Records supplied:

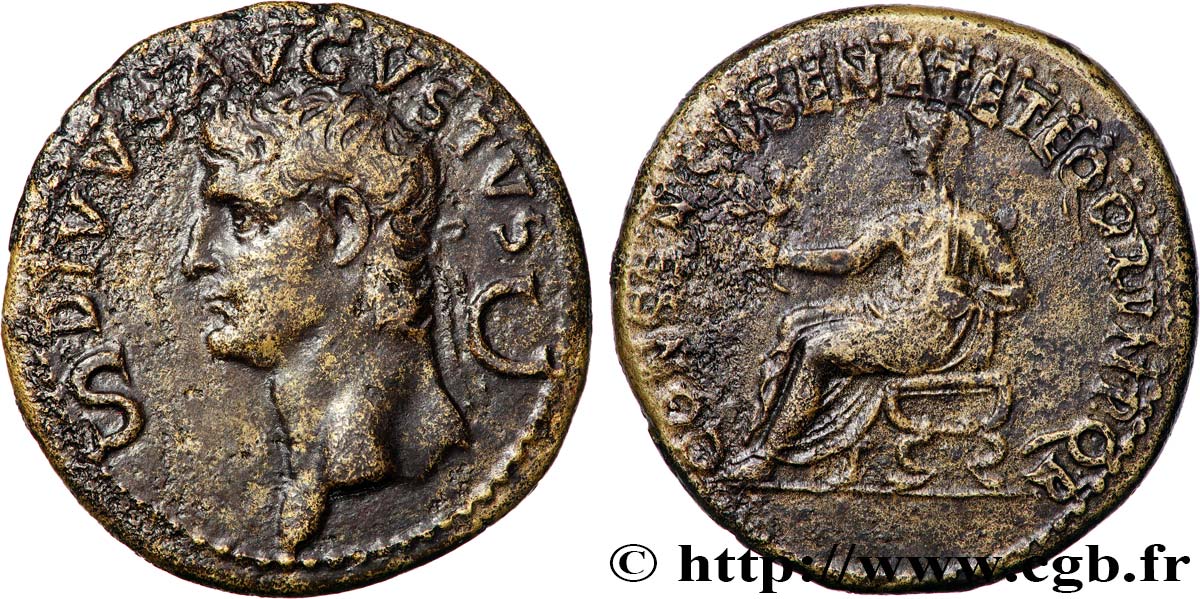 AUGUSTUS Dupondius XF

---

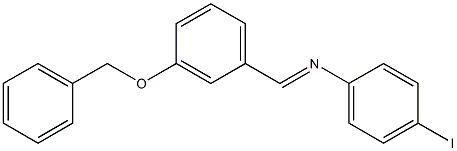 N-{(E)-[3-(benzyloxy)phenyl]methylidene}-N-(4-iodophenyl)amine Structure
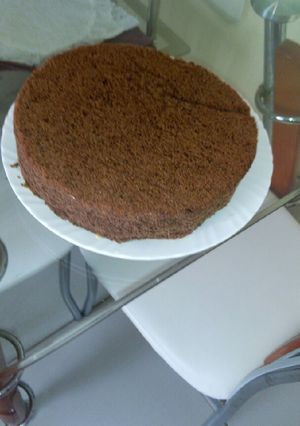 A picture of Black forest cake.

...

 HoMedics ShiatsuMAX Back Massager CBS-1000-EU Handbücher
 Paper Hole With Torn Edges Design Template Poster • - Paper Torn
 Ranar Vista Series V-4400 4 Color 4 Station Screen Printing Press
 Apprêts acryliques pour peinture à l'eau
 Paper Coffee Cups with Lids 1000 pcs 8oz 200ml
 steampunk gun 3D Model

What is expected: Would you copy, unchanged, the stretch of the records above that begins at the line containing "Paper Hole With" and ends at the line containing "steampunk gun 3D Model", and only that?

Result for this task:
 Paper Hole With Torn Edges Design Template Poster • - Paper Torn
 Ranar Vista Series V-4400 4 Color 4 Station Screen Printing Press
 Apprêts acryliques pour peinture à l'eau
 Paper Coffee Cups with Lids 1000 pcs 8oz 200ml
 steampunk gun 3D Model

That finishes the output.